> About this exercise
Within the data that follows, set down exactly the lines from the one containing "BMW X2 xDrive25e" through the one containing "Phoenix Contact Durchgangsreihenklemme", both ends included.

> The data
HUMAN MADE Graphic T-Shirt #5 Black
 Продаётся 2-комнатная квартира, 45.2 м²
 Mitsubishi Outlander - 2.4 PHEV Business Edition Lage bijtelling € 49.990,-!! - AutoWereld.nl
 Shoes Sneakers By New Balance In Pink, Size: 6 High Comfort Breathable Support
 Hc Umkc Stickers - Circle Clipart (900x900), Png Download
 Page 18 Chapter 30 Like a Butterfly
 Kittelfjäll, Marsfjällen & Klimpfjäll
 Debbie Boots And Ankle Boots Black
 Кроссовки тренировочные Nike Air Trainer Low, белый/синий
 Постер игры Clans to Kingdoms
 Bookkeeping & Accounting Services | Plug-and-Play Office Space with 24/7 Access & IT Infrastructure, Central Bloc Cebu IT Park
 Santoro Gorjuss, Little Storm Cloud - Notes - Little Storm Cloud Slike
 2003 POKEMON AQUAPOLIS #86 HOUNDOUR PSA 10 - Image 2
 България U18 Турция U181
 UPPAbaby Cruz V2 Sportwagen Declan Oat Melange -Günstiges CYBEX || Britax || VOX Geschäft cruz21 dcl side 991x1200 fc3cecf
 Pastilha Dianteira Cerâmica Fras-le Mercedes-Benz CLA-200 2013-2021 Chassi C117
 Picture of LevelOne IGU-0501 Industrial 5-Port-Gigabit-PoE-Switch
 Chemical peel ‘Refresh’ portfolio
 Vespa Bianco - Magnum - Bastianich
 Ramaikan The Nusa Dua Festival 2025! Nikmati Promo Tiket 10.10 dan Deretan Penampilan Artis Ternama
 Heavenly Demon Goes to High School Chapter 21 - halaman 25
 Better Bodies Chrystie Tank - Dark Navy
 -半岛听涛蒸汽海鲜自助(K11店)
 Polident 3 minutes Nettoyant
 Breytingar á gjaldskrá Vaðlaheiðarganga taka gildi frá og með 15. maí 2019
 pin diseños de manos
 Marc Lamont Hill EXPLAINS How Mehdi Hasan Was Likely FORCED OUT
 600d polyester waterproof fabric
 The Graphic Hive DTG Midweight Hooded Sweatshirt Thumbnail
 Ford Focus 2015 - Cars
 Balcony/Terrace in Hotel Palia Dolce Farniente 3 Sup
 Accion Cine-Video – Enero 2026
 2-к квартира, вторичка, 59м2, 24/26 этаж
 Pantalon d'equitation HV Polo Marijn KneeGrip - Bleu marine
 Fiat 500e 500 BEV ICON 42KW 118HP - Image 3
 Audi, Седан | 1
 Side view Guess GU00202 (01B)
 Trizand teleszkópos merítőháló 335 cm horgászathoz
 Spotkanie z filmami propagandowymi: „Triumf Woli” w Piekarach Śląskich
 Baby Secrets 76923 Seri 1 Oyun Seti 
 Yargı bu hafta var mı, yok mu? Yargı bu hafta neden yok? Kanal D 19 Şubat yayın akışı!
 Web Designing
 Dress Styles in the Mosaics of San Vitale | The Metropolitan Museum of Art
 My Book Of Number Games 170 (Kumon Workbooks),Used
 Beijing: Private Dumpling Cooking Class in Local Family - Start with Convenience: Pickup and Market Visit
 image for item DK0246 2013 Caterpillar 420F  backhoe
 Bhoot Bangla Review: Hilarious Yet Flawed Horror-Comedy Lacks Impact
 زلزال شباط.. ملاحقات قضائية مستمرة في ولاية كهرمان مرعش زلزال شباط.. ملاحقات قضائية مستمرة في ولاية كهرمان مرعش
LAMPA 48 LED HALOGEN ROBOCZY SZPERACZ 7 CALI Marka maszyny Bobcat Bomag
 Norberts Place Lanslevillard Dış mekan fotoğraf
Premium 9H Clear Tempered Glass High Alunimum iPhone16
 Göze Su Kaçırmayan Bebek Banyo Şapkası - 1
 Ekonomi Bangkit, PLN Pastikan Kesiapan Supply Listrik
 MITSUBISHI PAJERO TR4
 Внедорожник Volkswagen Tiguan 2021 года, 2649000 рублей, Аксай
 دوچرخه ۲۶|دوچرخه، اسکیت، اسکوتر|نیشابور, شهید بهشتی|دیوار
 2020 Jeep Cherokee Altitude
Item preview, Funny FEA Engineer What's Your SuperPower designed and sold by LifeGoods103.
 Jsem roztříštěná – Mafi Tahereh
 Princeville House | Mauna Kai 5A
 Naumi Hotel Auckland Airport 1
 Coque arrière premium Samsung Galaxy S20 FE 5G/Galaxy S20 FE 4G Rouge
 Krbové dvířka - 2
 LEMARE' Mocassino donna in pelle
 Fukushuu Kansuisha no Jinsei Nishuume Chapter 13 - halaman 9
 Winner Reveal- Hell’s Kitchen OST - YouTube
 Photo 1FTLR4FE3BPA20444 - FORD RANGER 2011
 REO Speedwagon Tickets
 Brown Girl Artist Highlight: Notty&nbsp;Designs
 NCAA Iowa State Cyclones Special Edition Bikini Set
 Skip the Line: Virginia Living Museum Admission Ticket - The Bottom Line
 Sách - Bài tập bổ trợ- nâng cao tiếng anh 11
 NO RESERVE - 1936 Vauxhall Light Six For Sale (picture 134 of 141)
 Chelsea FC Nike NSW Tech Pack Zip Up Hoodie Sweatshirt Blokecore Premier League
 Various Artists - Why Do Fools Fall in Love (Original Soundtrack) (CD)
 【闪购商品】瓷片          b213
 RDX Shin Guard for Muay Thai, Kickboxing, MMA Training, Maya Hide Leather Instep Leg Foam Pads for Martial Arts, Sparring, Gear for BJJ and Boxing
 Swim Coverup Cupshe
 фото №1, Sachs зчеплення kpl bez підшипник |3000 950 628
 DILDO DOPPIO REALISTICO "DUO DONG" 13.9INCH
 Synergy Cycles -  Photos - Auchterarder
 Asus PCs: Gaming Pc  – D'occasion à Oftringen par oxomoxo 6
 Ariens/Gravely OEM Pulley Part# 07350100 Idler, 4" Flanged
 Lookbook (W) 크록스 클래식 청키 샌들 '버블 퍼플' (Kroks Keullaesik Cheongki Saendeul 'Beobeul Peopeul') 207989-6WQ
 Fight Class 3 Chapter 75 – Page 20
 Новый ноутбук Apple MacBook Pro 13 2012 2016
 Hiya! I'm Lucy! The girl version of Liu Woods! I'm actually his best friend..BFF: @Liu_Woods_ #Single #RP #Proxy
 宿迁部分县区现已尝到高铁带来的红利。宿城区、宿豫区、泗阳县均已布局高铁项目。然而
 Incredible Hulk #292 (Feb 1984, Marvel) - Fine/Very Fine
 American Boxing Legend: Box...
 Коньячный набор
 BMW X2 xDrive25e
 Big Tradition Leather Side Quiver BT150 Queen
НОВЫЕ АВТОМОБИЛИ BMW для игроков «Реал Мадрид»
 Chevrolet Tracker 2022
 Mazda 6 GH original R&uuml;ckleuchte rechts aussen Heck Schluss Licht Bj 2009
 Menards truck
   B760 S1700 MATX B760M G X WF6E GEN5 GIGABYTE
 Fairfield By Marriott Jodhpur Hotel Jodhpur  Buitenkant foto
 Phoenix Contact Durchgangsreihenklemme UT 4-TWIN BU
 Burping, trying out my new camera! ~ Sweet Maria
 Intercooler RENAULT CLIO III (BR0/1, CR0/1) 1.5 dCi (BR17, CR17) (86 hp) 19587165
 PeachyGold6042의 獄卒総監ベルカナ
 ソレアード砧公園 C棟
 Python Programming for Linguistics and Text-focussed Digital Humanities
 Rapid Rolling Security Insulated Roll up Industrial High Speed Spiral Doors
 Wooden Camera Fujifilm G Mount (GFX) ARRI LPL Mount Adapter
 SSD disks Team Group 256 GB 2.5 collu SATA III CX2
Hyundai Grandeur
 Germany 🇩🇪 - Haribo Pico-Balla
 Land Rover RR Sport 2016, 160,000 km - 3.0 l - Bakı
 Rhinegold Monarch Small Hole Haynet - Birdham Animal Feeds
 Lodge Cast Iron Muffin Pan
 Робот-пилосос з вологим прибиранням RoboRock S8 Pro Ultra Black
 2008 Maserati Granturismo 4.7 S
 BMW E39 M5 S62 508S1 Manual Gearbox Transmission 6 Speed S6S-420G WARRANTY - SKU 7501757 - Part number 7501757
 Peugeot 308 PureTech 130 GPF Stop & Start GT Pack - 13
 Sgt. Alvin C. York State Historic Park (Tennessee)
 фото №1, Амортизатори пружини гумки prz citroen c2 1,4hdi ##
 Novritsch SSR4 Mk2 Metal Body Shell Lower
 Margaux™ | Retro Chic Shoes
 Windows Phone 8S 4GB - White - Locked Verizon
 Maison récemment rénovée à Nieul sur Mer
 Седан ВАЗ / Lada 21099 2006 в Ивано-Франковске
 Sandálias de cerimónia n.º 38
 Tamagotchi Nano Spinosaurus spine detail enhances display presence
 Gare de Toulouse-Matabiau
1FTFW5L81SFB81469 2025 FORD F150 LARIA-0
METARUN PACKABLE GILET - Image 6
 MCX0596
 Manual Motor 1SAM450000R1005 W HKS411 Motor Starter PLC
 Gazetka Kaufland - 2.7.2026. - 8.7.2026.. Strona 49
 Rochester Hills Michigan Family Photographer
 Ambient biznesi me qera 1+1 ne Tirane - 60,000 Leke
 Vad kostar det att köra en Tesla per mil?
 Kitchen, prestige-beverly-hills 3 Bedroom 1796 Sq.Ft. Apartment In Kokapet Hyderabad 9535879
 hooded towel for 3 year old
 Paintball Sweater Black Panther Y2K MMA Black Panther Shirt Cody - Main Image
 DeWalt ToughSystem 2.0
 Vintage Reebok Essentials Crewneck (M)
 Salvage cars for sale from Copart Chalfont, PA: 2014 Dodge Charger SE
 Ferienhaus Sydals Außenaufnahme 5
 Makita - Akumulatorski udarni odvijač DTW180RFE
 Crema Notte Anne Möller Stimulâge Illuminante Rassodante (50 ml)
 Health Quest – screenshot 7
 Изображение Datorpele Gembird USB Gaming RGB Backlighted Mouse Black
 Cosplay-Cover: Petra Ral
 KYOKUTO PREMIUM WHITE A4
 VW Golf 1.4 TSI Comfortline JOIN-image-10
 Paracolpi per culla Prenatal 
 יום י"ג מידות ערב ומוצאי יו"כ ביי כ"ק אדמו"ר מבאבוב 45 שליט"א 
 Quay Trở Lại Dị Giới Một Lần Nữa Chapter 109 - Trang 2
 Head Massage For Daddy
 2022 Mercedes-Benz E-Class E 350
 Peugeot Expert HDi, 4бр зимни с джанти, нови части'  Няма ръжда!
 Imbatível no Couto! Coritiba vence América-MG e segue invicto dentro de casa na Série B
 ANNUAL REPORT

> Response to this task
 BMW X2 xDrive25e
 Big Tradition Leather Side Quiver BT150 Queen
НОВЫЕ АВТОМОБИЛИ BMW для игроков «Реал Мадрид»
 Chevrolet Tracker 2022
 Mazda 6 GH original R&uuml;ckleuchte rechts aussen Heck Schluss Licht Bj 2009
 Menards truck
   B760 S1700 MATX B760M G X WF6E GEN5 GIGABYTE
 Fairfield By Marriott Jodhpur Hotel Jodhpur  Buitenkant foto
 Phoenix Contact Durchgangsreihenklemme UT 4-TWIN BU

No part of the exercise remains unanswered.